The questions hanging over the UK equity market due to the uncertain macro climate have not stopped it from producing some good returns after the Q4 slump, according to Royal London Asset Management’s Richard Marwood.
Marwood, manager on the £1.9bn Royal London UK Equity Income fund alongside Martin Cholwill, said bearishness about the UK equity market as the Brexit saga continues, may have led to some investors missing out on some strong returns this year.
The FTSE All Share index fell by 10.25 per cent during the final quarter of 2018, as markets took a tumble globally, but has risen by 12.83 per cent to 20 June 2019, as the below chart shows.
Performance of index YTD

Source: FE Analytics
Where investors have taken exposure is in the more international-facing companies with less exposure to the domestic economy.
However, RLAM’s Marwood said that this might be a mistake.
Marwood said: “I think it’s worth mentioning because those are the sort of macro calls that you could easily make if you were tempted to avoid certain areas of the market.
“We try not to do that in the portfolio. We try to keep a mix of domestic and international and a good spread of sectors so that we aren’t actually trying to make a macro call within the portfolio.

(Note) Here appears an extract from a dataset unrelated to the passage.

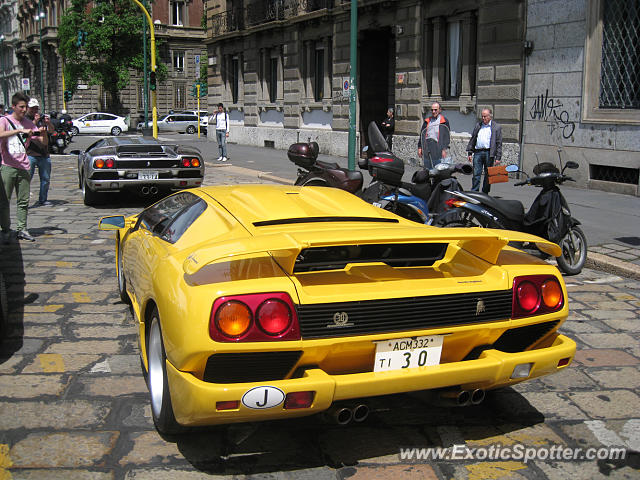 Lamborghini Diablo spotted in Milano, Italy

“You can easily make a macro call that is wrong and it poisons your whole portfolio.
He added: “We’re just much more interested in picking individual companies and letting stockpicking being the driver of performance. That underpins the performance that we’re seeing there [at the start of this year].”
So far this year, the fund has returned 12.63 per cent.

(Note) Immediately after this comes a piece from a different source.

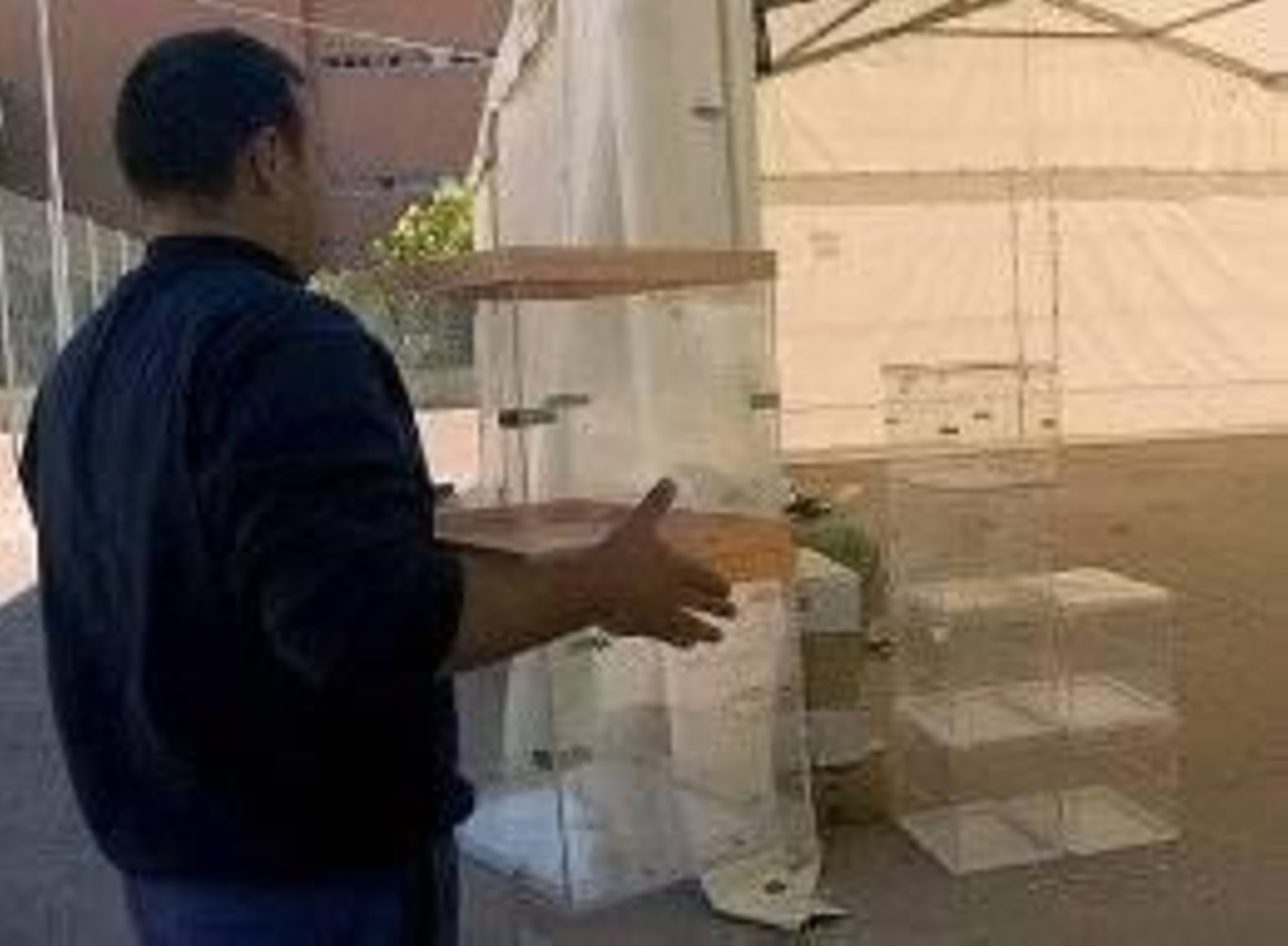 Un operario coloca las urnas.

Two domestic-oriented stocks that had helped drive performance this year were Dairy Crest, owners of the Cathedral City cheese brand, and landscaping products company Marshalls.
Dairy Crest was the only stock added to the Royal London UK Equity Income portfolio in 2018, according to Marwood, and has been a good driver of the fund’s performance. It was acquired by Canadian dairy firm Saputo earlier this year.
“I think if you had been asked at the end of 2018 what’s really going to drive your performance so far this year, would you have picked out a UK retailer and a very domestically focused building company like Marshalls?” he asked. “You probably wouldn’t actually.”
However, Marwood noted that not all stocks in the portfolio had been positive contributors to performance.
“The two that I would hold my hands up to this year have been Saga and De La Rue,” he said.
“Saga has been weak since it had to reset its expectations in the insurance business. And De La Rue, – which is the business that prints bank notes and is very heavily involved in identity cards and passports – had a profit warning on the back of the competitive nature of the banknote printing market.”
Performance of stocks YTD

Source: FE Analytics
He added: “I would say that we kept the holdings, there is value in Saga: we think that the travel business is very strong and we think that there is value in the Saga brand with their targeting of older customers.
“And in De La Rue there’s a lot of interesting tech – be it making the security features for passports, ID cards or currency – but they also have a very interesting that makes ‘track and trace’ things, such as a hologram for Nike.”
Marwood said it has also made some recent additions in the shape of tobacco company Imperial Brands, which he believes has a combination of yield and strong cash flows, which he said is crucial for producing a sustainable dividend.
Something absent in the portfolio more recently is dividend cuts, which he said was seen in the market with mobile phone operator Vodafone.
“When we’re looking at sustainably of dividends Vodafone has always been one that has looked a bit problematic for us,” the manager explained. “The things that you can look at in terms of predicting dividend cuts are some very generalised things like dividend cover and dividend cover was actually quite low at Vodafone.”
He added: “But the thing we’ve always been concerned about with Vodafone has been the cash flow. It generates a lot of cash but the problem is there’s always a way to actually spend that cash within the business.”
The fund usually hunts at the bottom end of the FTSE 100 and in the FTSE 250 as this is where he is able to find the most interesting companies. As such, he is underweight the largest companies in the UK market.
“[It’s] a very plain vanilla income portfolio,” he said. “There’s of element of barbell in the strategy we don’t own some very high yielding stocks and then have things which are very low yielding in there.”
Performance of fund vs sector & benchmark over 3yrs

Source: FE Analytics
Royal London UK Equity Income has made a 28.03 per cent total return over the past three years, outperforming the average IA UK Equity Income peer’s 22.42 per cent but lagging the 33.49 per cent return made by the FTSE All Share benchmark.
The fund is currently yielding at 4.48 per cent and has an ongoing charges figure (OCF) of 0.67 per cent.